Turing Degree - Post's Problem and The Priority Method

Post's Problem and The Priority Method

Emil Post studied the r.e. Turing degrees and asked whether there is any r.e. degree strictly between 0 and 0′. The problem of constructing such a degree (or showing that none exist) became known as Post's problem. This problem was solved independently by Friedberg and Muchnik in the 1950s, who showed that these intermediate r.e. degrees do exist. Their proofs each developed the same new method for constructing r.e degrees which came to be known as the priority method. The priority method is now the main technique for establishing results about r.e. sets.

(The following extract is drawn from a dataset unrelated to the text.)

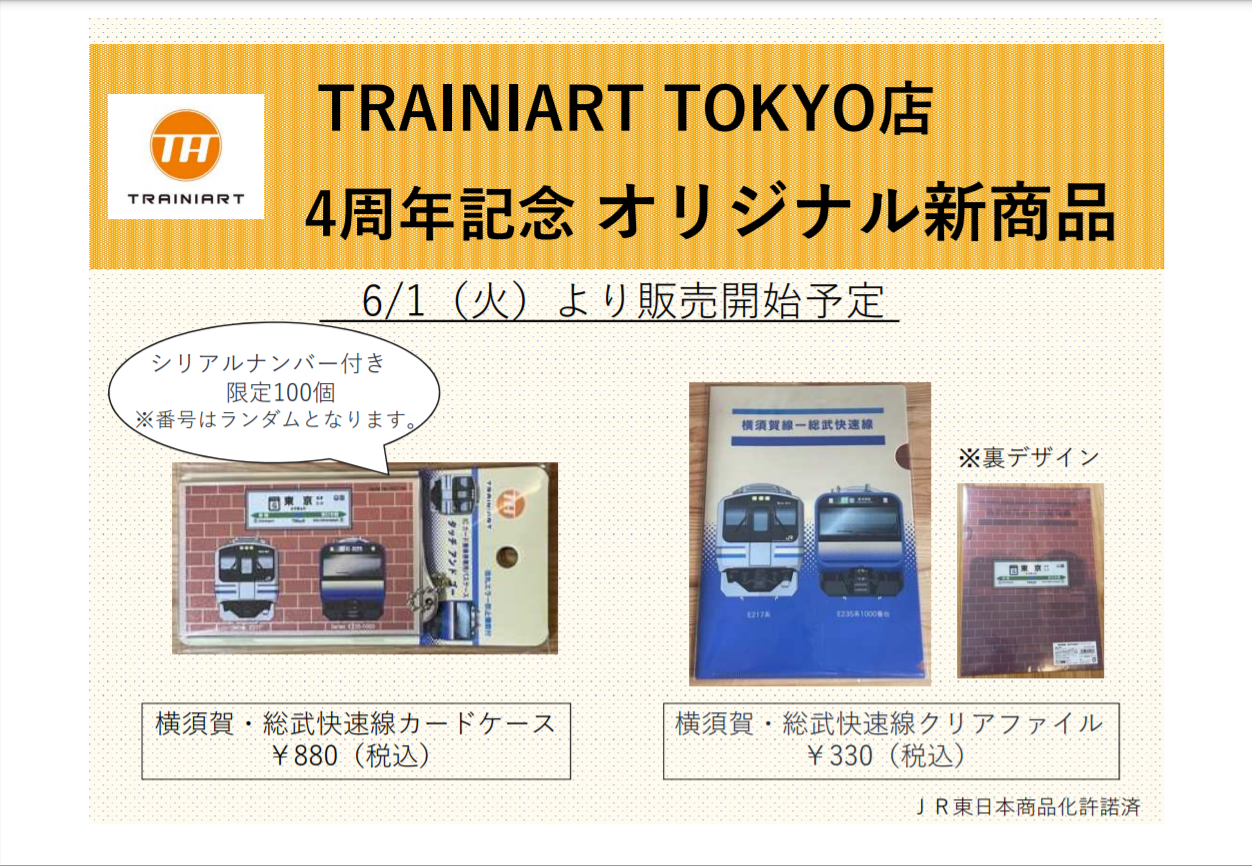 Trainiart Tokyo トレニアート トウキョウ 東京駅 構内のショップ レストラン グランスタ 公式 Tokyoinfo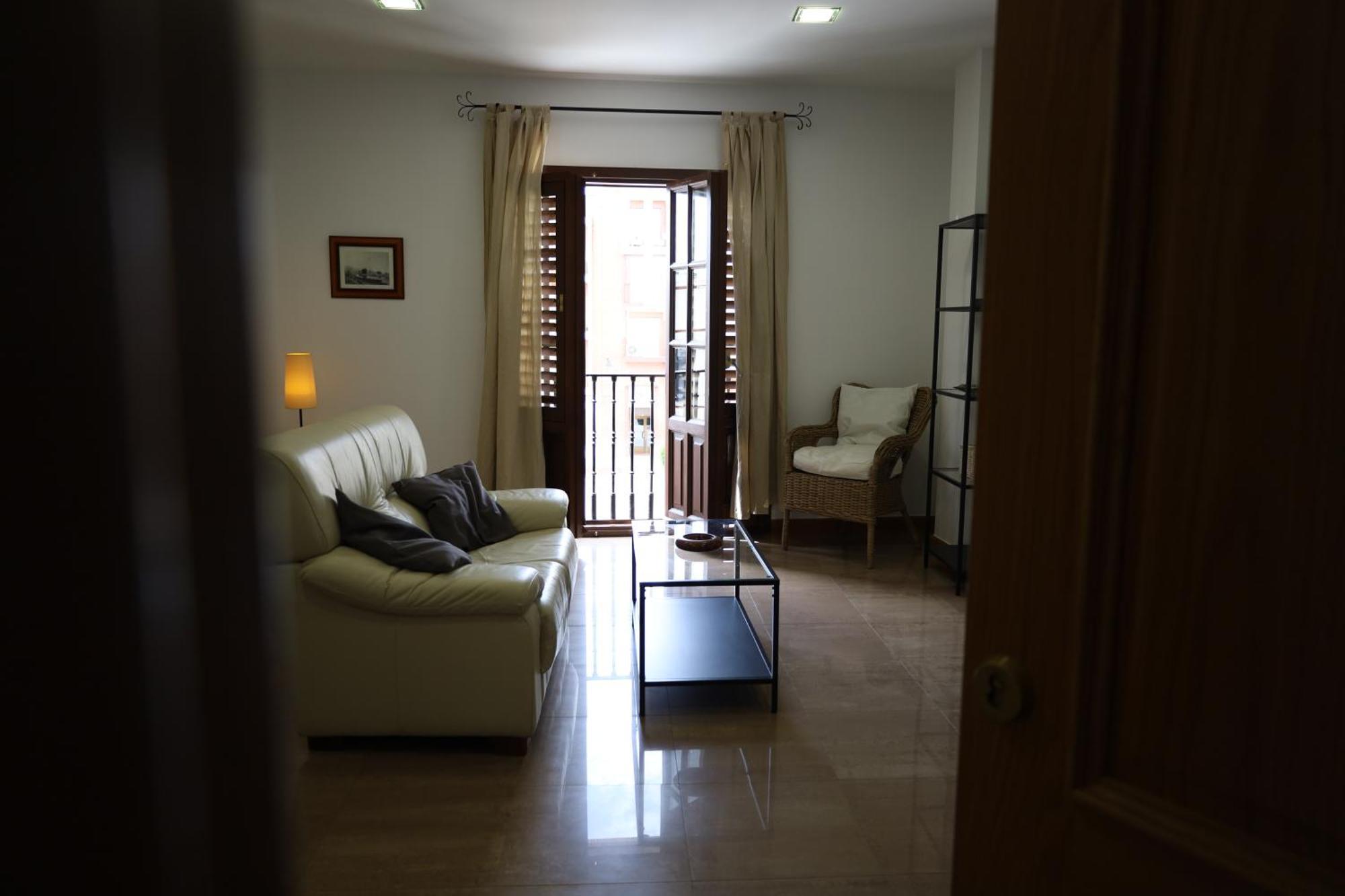 Apartmán Hospedium Dlj Andujar Centro Exteriér fotografie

The idea of the priority method for constructing an r.e. set X is to list a countable sequence of requirements that X must satisfy. For example, to construct an r.e. set X between 0 and 0′ it is enough to satisfy the requirements A_e and B_e for each natural number e, where A_e requires that the oracle machine with index e does not compute 0′ from X and B_e requires that the Turing machine with index e (and no oracle) does not compute X. These requirements are put into a priority ordering, which is an explicit bijection of the requirements and the natural numbers. The proof proceeds inductively with one stage for each natural number; these stages can be thought of as steps of time during which the set X is enumerated. At each stage, numbers may put into X or forever prevented from entering X in an attempt to satisfy requirements (that is, force them to hold once all of X has been enumerated). Sometimes, a number can be enumerated into X to satisfy one requirement but doing this would cause a previously satisfied requirement to become unsatisfied (that is, to be injured). The priority order on requirements is used to determine which requirement to satisfy in this case. The informal idea is that if a requirement is injured then it will eventually stop being injured after all higher priority requirements have stopped being injured, although not every priority argument has this property. An argument must be made that the overall set X is r.e. and satisfies all the requirements. Priority arguments can be used to prove many facts about r.e. sets; the requirements used and the manner in which they are satisfied must be carefully chosen to produce the required result.